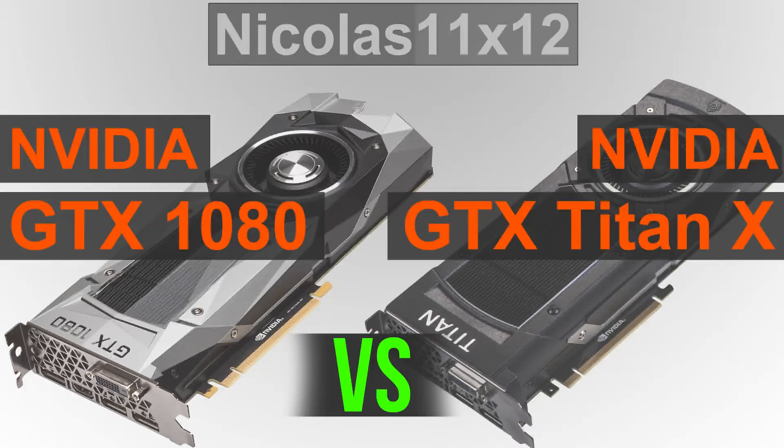It makes no sense to compare prices here for now, since the prices of the previous generation GPUs could be dropping any time. That's why we'll just focus on performance here today.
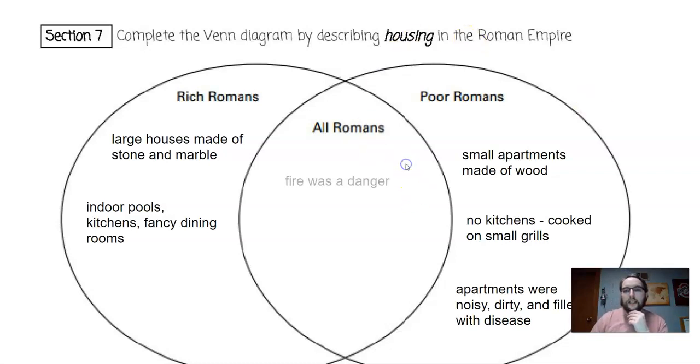For all Romans, fire was a danger. Because the poor Romans' apartments were made of wood, if one caught on fire it would catch most of the city on fire. That happened in 64 CE when a fire broke out and burned down much of the city of Rome.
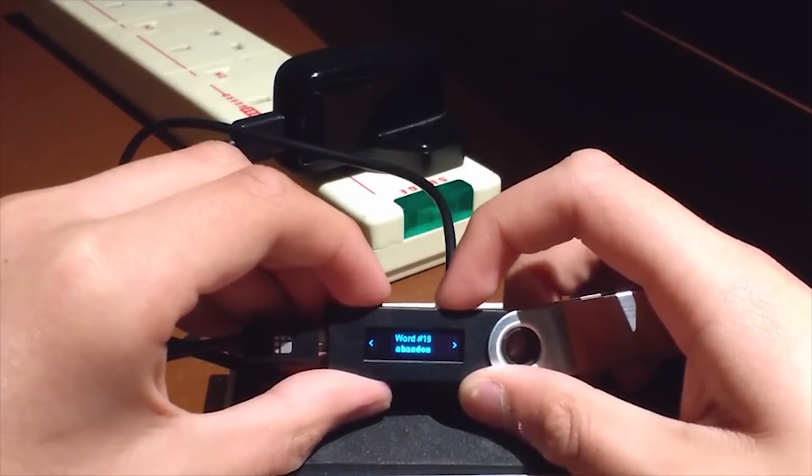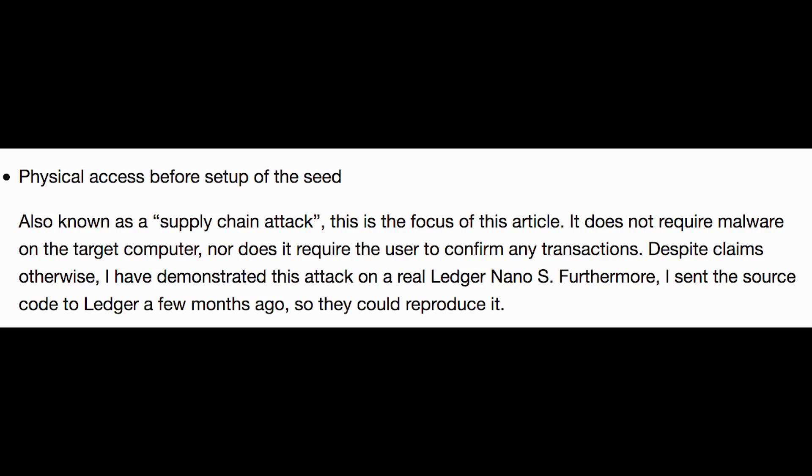There are essentially three different ways to attack it. You have physical access before setup of the seed, which is known as a supply chain attack. This is the focus of this particular article and it does not require malware on the target computer nor does it require the user to confirm any transactions. The big thing about this is that if you go to the Ledger website, they say it's okay and safe to buy from eBay — but if this attack is possible, which it's proven to be true, it's in fact not safe to buy it from eBay.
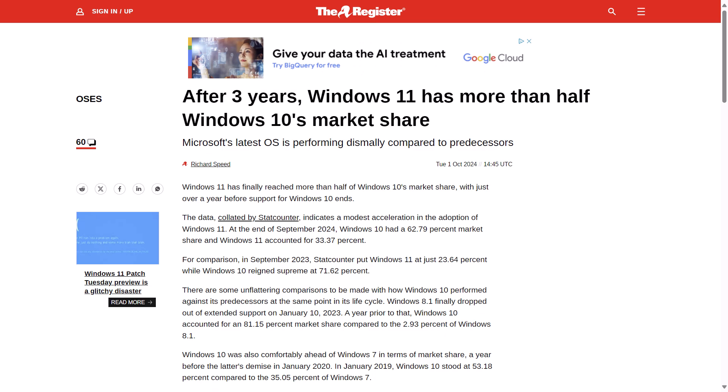For comparison, in September of 2023, Stack Counter put Windows 11 at just 23.64%, with Windows 10 at 71.62%, so you can see how the gap is certainly closing. But for further comparison, if you look at where things sat at this point in Windows 7's end of life, Windows 10 was comfortably ahead at 53.18% compared to Windows 7's 35.05%. Hopefully organizations start to get on top of their Windows 11 migration, because we're almost at that 12-month mark before end of support for Windows 10.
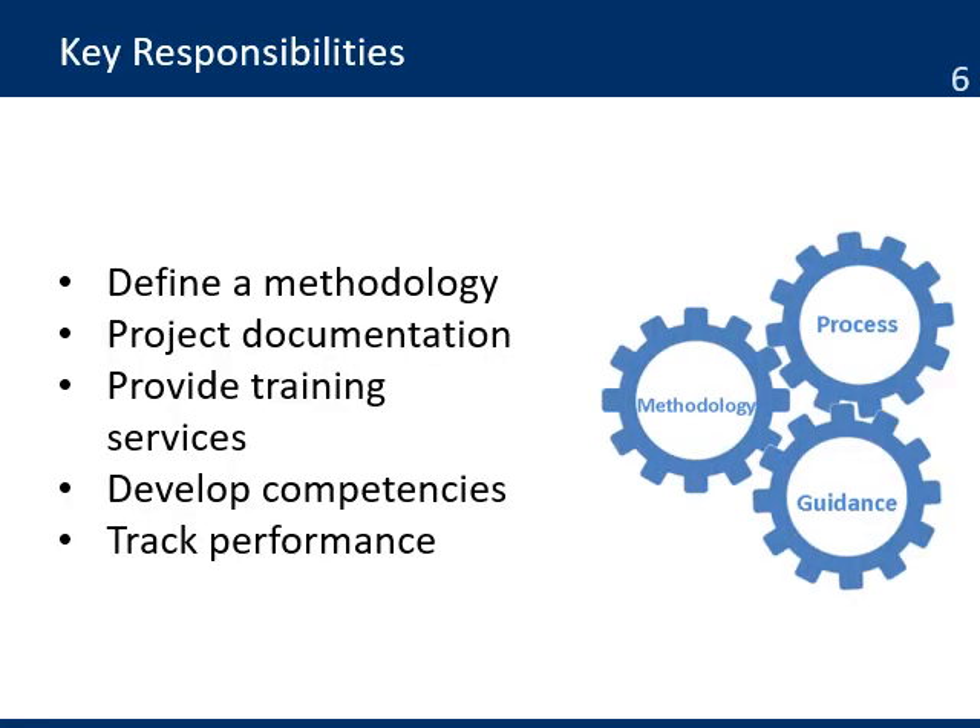Some of the key responsibilities of the project office are to define and support the project management methodology, keeping it up to date and documenting any changes or improvements and distributing them to all the projects. Project documentation: storing all project documentation, including lessons learned, so standards can be used by new projects. Provide training services, especially for new staff who need to know how to use the methodology. Develop competencies by developing the standards for skills and experience needed to work on a project.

**Description of the task:** Please reproduce the entries above exactly, from their first line to the line holding "For all Romans, fire" inclusive, and nothing else; the pictures stay out.

**Output of the task:**
It makes no sense to compare prices here for now, since the prices of the previous generation GPUs could be dropping any time. That's why we'll just focus on performance here today.
For all Romans, fire was a danger. Because the poor Romans' apartments were made of wood, if one caught on fire it would catch most of the city on fire. That happened in 64 CE when a fire broke out and burned down much of the city of Rome.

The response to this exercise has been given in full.